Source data
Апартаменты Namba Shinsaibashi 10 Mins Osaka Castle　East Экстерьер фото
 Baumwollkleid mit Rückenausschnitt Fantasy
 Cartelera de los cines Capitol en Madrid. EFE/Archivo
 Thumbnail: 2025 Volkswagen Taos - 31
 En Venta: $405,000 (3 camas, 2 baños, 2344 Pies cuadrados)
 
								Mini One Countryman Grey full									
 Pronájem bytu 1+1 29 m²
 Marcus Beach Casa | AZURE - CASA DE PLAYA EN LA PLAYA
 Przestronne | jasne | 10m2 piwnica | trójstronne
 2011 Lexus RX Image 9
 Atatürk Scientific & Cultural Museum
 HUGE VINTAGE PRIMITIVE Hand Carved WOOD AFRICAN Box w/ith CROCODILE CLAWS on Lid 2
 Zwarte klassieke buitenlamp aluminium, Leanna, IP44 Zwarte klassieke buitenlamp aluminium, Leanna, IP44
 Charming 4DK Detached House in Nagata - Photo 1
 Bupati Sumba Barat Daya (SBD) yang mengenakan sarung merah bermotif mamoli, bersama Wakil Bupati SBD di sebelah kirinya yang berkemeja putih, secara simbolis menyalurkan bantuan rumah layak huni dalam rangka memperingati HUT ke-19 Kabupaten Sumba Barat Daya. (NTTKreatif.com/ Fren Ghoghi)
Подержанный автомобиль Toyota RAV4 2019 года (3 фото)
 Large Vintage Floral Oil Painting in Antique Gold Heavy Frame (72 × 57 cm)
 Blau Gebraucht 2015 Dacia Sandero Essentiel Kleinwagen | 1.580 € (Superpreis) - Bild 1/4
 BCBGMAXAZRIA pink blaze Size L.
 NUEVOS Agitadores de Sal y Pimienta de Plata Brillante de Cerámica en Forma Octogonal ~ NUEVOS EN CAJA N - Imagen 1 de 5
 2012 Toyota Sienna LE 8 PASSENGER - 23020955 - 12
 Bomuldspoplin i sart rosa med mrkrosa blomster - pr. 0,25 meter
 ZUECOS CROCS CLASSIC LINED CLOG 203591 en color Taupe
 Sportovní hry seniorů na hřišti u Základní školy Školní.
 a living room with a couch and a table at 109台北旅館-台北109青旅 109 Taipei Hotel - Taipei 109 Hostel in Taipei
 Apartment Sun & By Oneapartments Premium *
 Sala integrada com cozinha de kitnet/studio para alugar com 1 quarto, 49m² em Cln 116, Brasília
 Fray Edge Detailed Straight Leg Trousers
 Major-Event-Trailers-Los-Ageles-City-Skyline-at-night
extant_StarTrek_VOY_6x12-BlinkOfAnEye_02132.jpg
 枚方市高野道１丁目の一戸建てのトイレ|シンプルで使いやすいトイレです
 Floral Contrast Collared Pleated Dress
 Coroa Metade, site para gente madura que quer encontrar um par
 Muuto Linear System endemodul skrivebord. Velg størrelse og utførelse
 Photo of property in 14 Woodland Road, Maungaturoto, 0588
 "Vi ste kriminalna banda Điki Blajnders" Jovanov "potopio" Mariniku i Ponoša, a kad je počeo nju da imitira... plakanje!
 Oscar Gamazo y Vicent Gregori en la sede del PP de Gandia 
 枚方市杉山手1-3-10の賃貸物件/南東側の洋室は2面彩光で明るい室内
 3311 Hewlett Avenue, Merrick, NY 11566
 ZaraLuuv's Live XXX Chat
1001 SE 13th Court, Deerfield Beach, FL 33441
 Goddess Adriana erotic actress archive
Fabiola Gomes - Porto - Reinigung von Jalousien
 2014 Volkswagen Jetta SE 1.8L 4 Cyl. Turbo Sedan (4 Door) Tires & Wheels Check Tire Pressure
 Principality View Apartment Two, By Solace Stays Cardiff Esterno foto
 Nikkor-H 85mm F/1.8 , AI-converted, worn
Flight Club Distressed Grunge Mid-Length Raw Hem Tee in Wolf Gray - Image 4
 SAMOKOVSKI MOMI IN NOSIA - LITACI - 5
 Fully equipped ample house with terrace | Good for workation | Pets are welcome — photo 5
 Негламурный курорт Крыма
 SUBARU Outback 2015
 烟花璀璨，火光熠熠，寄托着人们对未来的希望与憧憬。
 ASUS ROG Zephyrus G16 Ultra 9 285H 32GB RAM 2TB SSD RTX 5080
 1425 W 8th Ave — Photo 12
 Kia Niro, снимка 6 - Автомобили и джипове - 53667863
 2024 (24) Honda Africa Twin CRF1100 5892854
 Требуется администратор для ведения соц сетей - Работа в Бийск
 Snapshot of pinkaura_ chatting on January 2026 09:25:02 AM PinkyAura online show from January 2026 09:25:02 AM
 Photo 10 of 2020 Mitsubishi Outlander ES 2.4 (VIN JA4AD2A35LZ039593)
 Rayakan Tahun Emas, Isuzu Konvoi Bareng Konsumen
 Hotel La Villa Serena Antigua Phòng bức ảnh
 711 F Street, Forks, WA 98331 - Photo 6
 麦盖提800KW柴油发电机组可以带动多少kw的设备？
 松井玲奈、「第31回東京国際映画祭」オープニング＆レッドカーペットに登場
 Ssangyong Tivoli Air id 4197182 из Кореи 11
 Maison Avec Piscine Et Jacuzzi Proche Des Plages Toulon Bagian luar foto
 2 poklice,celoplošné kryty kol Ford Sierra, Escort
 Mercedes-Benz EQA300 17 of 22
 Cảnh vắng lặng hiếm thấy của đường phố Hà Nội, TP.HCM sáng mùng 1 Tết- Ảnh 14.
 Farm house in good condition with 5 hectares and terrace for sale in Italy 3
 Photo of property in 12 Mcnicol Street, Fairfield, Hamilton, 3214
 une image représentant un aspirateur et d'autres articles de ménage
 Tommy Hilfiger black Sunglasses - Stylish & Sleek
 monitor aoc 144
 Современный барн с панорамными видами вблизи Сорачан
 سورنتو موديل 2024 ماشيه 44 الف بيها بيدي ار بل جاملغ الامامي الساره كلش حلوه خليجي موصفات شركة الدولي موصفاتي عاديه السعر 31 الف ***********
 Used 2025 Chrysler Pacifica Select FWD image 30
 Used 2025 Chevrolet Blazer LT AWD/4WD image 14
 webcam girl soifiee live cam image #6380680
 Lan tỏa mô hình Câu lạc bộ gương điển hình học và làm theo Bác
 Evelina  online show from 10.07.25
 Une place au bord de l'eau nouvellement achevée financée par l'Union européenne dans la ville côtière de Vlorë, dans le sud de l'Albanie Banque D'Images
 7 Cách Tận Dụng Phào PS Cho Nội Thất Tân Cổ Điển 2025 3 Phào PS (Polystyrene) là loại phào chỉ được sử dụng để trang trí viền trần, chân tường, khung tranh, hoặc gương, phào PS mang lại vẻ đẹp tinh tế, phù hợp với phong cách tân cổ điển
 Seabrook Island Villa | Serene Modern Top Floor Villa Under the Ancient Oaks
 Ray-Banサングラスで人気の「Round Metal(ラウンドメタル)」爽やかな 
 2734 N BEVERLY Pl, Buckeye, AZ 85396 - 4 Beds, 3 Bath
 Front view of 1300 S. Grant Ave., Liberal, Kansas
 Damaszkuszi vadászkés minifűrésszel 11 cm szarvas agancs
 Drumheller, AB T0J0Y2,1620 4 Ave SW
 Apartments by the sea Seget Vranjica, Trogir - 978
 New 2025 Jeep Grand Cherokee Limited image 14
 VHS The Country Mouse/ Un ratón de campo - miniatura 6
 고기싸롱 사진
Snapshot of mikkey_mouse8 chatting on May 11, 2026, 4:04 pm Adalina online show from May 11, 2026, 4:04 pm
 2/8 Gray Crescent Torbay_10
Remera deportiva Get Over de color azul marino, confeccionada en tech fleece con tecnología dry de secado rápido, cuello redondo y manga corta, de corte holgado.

- **Directions**
Lines with the string "show" in the data above: say how many there are, giving the number alone.

- **Response to the task**
3